La fórmula que no es receta
«El regreso a la vida no puede venir hablando. Es un acto; para hacerte volver a la vida, debo dar un ejemplo para tu imitación, te debo ensordecer al habla, o a la importancia de hablar, mostrándote, como lo hace Bergson que los conceptos con los que hablamos están hechos con fines de práctica y no con fines de revelación. O debo señalar, señalar al simple «que» de la vida, y ustedes por simpatía interior, deben completar el «que» para ustedes mismos.»(De «Complete Works of William James.»)

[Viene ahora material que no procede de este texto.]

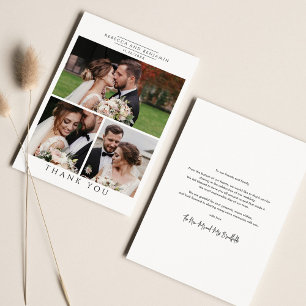 Cartão De Agradecimento Casamento de Colagem de Fotos Moderna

Después de pelearse con Bradley y su racionalismo – principal y curiosamente, contra su conclusión de un todo como única salida a partes aisladas e inconexas -, intentando luchar en el único terreno en el que la batalla está planteada, el de las palabras, James parece sucumbir a la maldición del otro cuando devuelve el propio mensaje invertido, porque se rinde a una totalidad bastante cercana a Wittgenstein (quizás la diferencia siempre estribe solamente en el caracter de la promesa – y aunque Wittgenstein nos desaliente de una manera brutal, es de hacer notar que lo hace ya al final de su libro, como si se asegurara que lo hemos leído todo antes del imprescindible desánimo), intentando delinear la señal que muestra, como si sus conferencias nos engañaran con sus contenidos (¿será que quizá debemos siempre y sin excepción deshacernos completamente de lo que hemos leído, como sacándonos las gotas después del baño?¿pero como asociaríamos, coño podríamos producir analogías, en definitiva, cómo podríamos siquiera hablar sin memoria? – ¿ o quizá la memoria a conservar se aparte esencialmente de la claridad que le es habitualmente exigida para convertirse en una materia elástica, confusa y deforme?), con el objetivo de distraernos sin intencionalidad (no hay nadie que haya diseñado la apariencia cuyo principal embuste consiste en hacer creer que hay algo detrás de ella) pero caemos en la cuenta – como ya lo hicieron Sócrates y los escépticos – que la abolición de las recetas (para mostrar parecen no hacer falta), por un giro que no por haber demostrado su posibilidad, deja de ser inesperado, termina en fórmula pero esta vez, a la manera del Quijote escrito por Pierre Menard, ya no es lo que era, convirtiéndose en un señalamiento que la implosiona a la vez que nos comparte un escenario maravilloso.